====== INFORMATION SUPPLIED
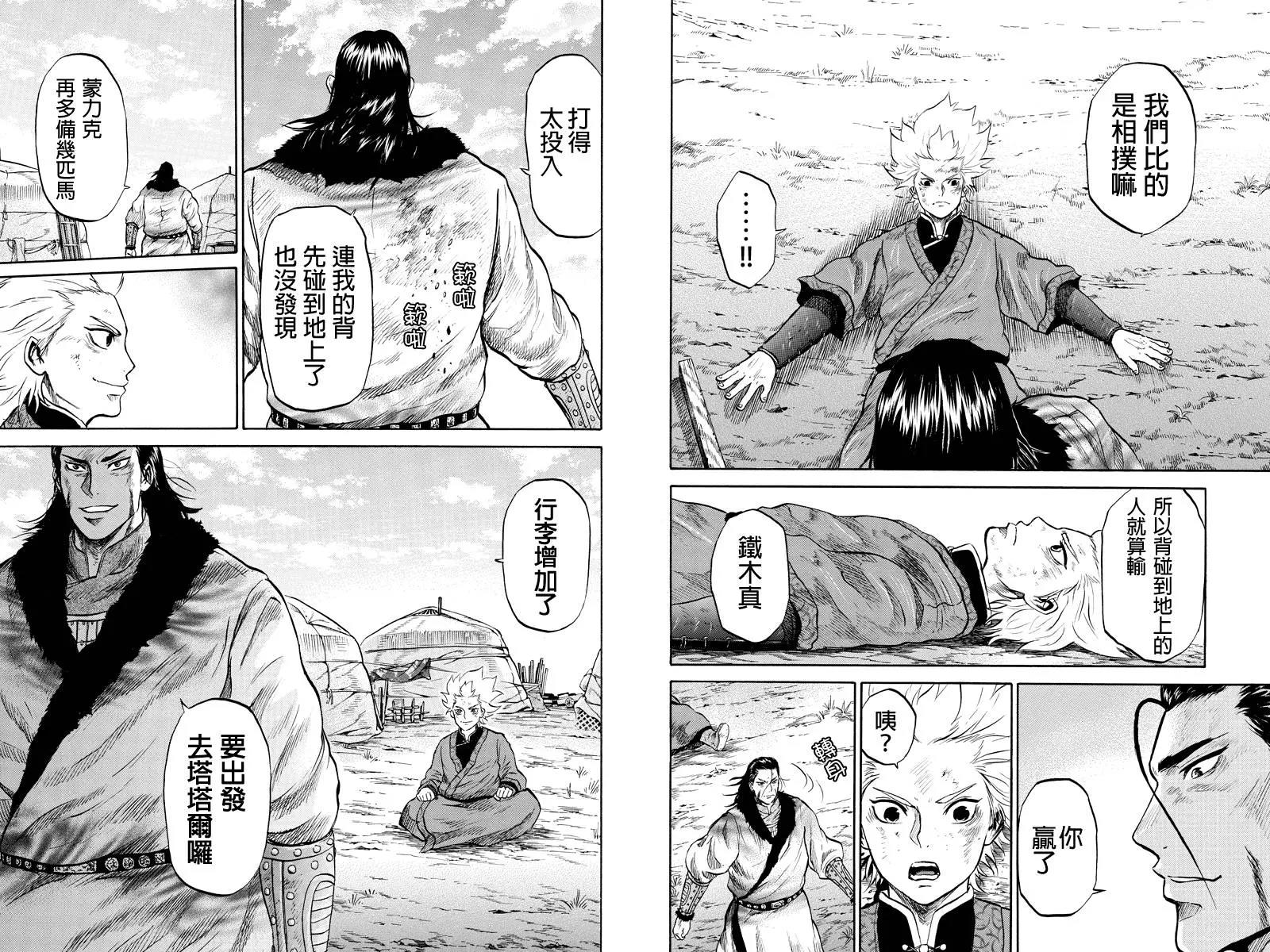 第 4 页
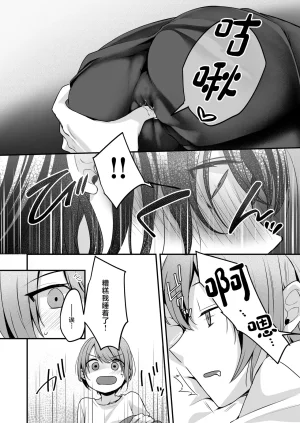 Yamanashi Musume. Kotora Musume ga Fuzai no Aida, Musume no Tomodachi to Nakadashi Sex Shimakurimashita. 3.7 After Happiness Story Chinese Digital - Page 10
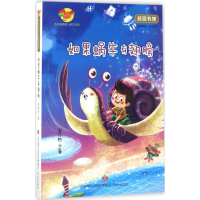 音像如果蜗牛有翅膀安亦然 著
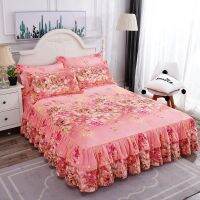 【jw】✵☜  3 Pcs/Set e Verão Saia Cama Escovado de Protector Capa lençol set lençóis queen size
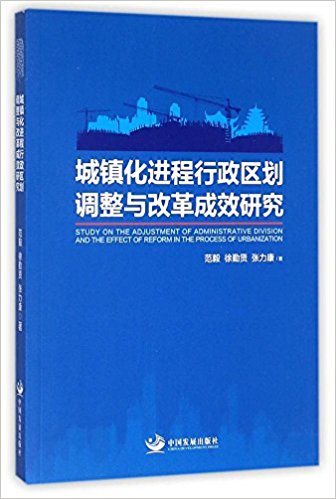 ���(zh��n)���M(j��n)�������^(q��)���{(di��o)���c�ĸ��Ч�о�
============
PROBLEM:
Taking each record in turn, retype it exactly and drop any picture.

THE ANSWER:
 第 4 页
 Yamanashi Musume. Kotora Musume ga Fuzai no Aida, Musume no Tomodachi to Nakadashi Sex Shimakurimashita. 3.7 After Happiness Story Chinese Digital - Page 10
 音像如果蜗牛有翅膀安亦然 著
 【jw】✵☜  3 Pcs/Set e Verão Saia Cama Escovado de Protector Capa lençol set lençóis queen size
 ���(zh��n)���M(j��n)�������^(q��)���{(di��o)���c�ĸ��Ч�о�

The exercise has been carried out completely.